DATA FOR THE TASK –

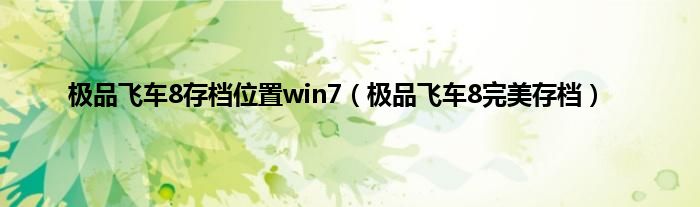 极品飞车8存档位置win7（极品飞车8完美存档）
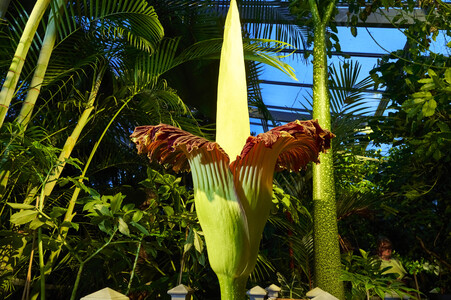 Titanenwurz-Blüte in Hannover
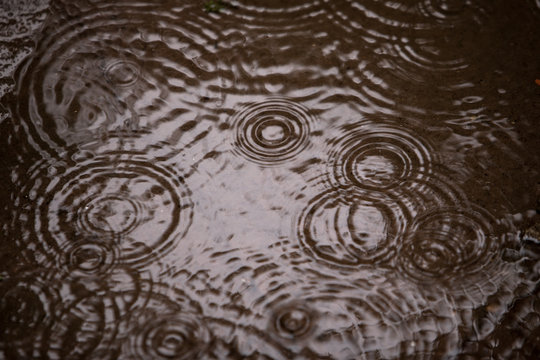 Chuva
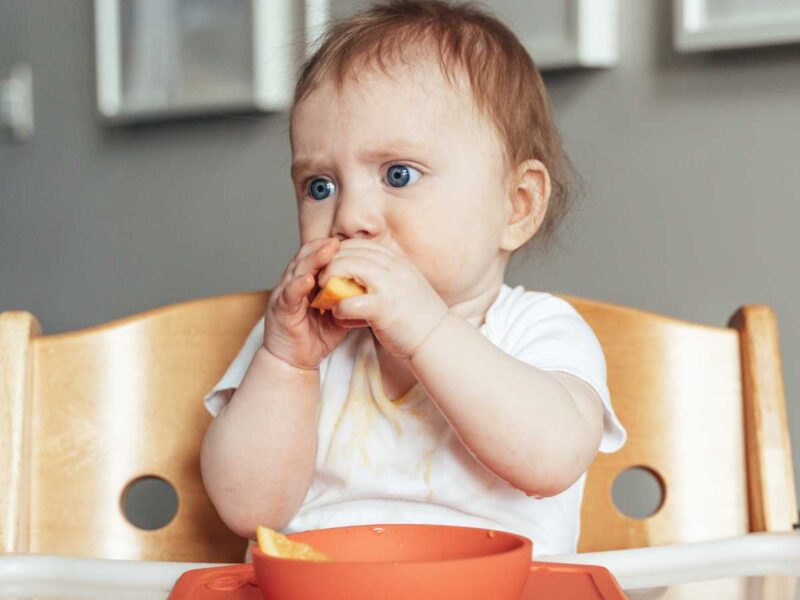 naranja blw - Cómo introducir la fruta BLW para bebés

--

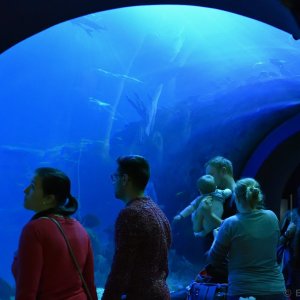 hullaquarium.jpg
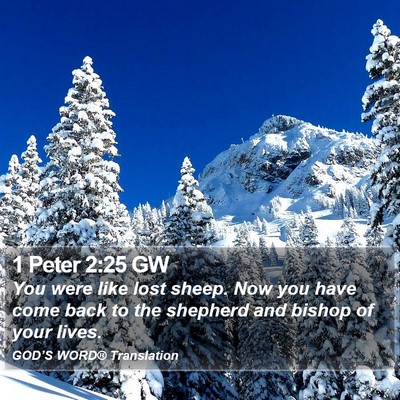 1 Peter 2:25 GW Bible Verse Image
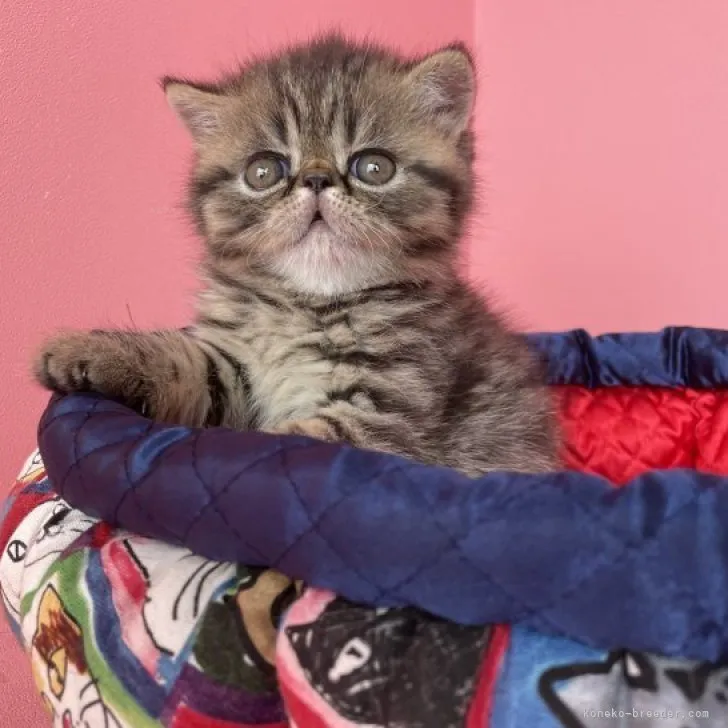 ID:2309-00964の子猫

EXERCISE INSTRUCTIONS – Only the lines above starting with the line with "极品飞车8存档位置win7（极品飞车8完美存档）" and going on through the line with "naranja blw - Cómo" belong in the answer; repeat them exactly, minus any picture.

EXERCISE ANSWER –
 极品飞车8存档位置win7（极品飞车8完美存档）
 Titanenwurz-Blüte in Hannover
 Chuva
 naranja blw - Cómo introducir la fruta BLW para bebés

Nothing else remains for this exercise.